Joanna casts around for a way to say Yes, it’s an honor, Sean, but sadly the invitation comes a little too late and I’m afraid I won’t…But she instinctively brings her hand to rest on her stomach in a protective gesture, a primitive gesture. Because there’s one thing Prior doesn’t know: Joanna is pregnant.

It was exactly seven weeks ago: she did the test in Denton & Lovell’s restrooms, between some sashimi eaten on the run and a partners meeting. And when the two little garnet-colored lines appeared on the stick, Joanna felt her chest explode with jubilation.

The man Joanna loves is a newspaper cartoonist. In late October last year a neo-Nazi leader filed a complaint about one of his drawings, deeming it injurious; she represented his newspaper in court and won the case resoundingly. Keller v. Wasserman set a precedent: the act of writing, in a cartoon or elsewhere, that a white supremacist lacks gray matter is not an offense but an opinion, a diagnosis even. It was easy. That same evening, Aby Wasserman invited her to dinner at Tomba’s, a restaurant that was too expensive for him, and, at the end of the meal, confronted with his heart’s irrefutable certainty, he asked her stumblingly what plans she had for the next few centuries. He refrained from telling her he was put on this earth to love her and go wherever she went, even though that was so exactly what he was thinking. Joanna was in no doubt either. He gave her a fountain pen, Here, this is for you, Joanna, it’s a Waterman, which isn’t far from my own German name, um…my name that I’d like you to take, but I’d be happy to take yours too, you know. Joanna accepted the pen, opened it, and right there on the white cotton tablecloth, she wrote Joanna Woods-Wasserman, trying to avoid getting too teary. The manager agreed to let them keep the tablecloth.

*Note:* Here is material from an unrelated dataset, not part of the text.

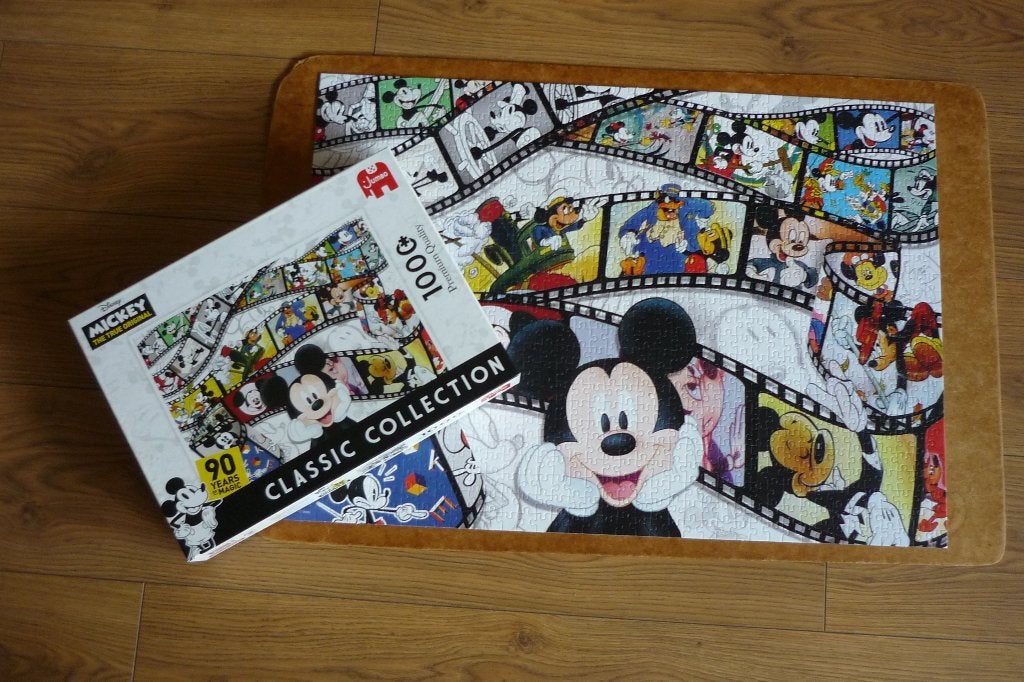Jumbo Disney '' MICKEY THE TREU ORIGINAL ''90 years of magic, Ophalen, 500 t/m 1500 stukjes, Gebruikt, Legpuzzel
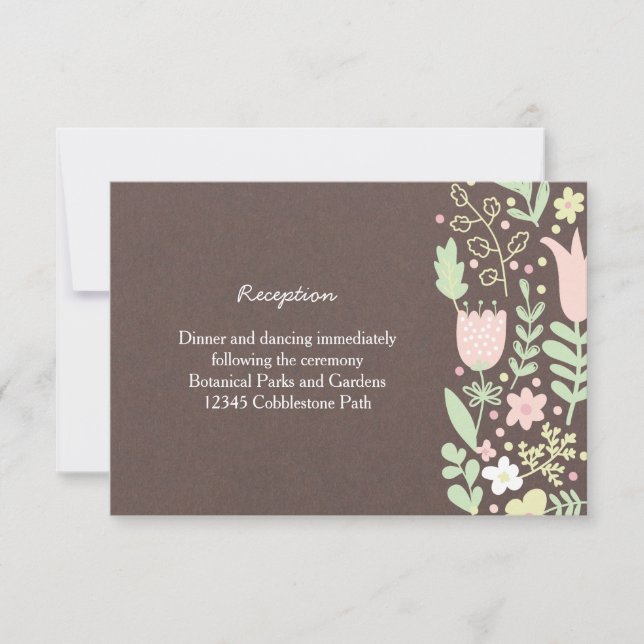 Invitación Boda de la flor Rustic Boho Pastel (Anverso)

They wanted a baby right away, and followed the necessary procedures to achieve this, frequently, at great length, and in many locations. The doctor was sure: It was after Joanna returned from Europe in early March, on that appalling flight—when she decided that if she survived, she would marry him as soon as possible—and before their wedding in early April that their gametes had met and immediately agreed to a merger. They will never know how to thank white supremacism. In fact, suggested the Jewish Aby, short for Abraham, if it’s a boy, we’ll call him Adolf. As a middle name, Joanna moderated, laughing. And she immediately hated herself for being so happy when her sister was preparing to die a long, slow death. But a few ounces of happiness were growing inside her, and they took over everything.

Prior pursues his invitation.

“Joanna? The Dolder?”

Tomorrow evening? Complicated: she was planning on celebrating the end of the first three months of her pregnancy with her parents…On the other hand, meeting the devil to dance with him does have its upsides.

She doesn’t have time to make a decision, because a heavy black telephone, a Bakelite antique, starts ringing on Prior’s desk. He picks up immediately and snaps irritably, “I asked not to be disturbed…All right…I’ll let her know.”

Prior turns to Joanna with an intrigued smile.

“This will probably surprise you, Joanna, but there are people waiting for you outside my office. Two FBI agents. I’m still counting on you for tomorrow, if they’ll agree to let you go, obviously.”